Sixteen states are believed to have supplied weapons to Afghanistan from 2001 to 2020 with the US supplying 74 % of weapons, followed by Russia. Much of this equipment was left behind by the US military and is being used to inflate Taliban’s arsenal. WILPF is calling for better oversight on arms movement, for compensating affected Afghan people and for an end to all militarised systems.

Militarised masculinity

Mobilising men and boys around feminist peace has been one way of deconstructing and redefining masculinities. WILPF shares a feminist analysis on the links between militarism, masculinities, peace and security. We explore opportunities for strengthening activists’ action to build equal partnerships among women and men for gender equality.

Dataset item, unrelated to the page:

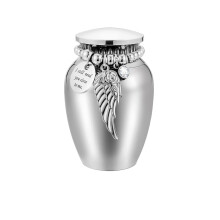 Handcrafted Silver Cremation Urn for Human Ashes, Durable Aluminum Keepsake Memorial with Wing Design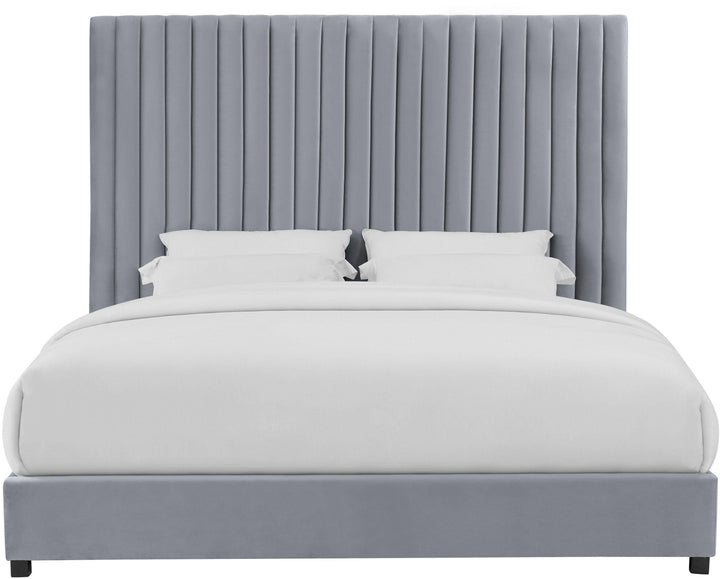 Arabelle Grey Performance Velvet Bed - King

WILPF has been working on challenging the prevailing notion of masculinity based on men’s physical and social superiority to, and dominance of, women in Afghanistan. It recognizes that these notions are not representative of all Afghan men, contrary to the publicly prevailing notion.

Feminist peace​

In WILPF’s view, any process towards establishing peace that has not been partly designed by women remains deficient. Beyond bringing perspectives that encapsulate the views of half of the society and unlike the men only designed processes, women’s true and meaningful participation allows the situation to improve.

In Afghanistan, WILPF has been demanding that women occupy the front seats at the negotiating tables. The experience of the past 20 has shown that women’s presence produces more sustainable solutions when they are empowered and enabled to play a role.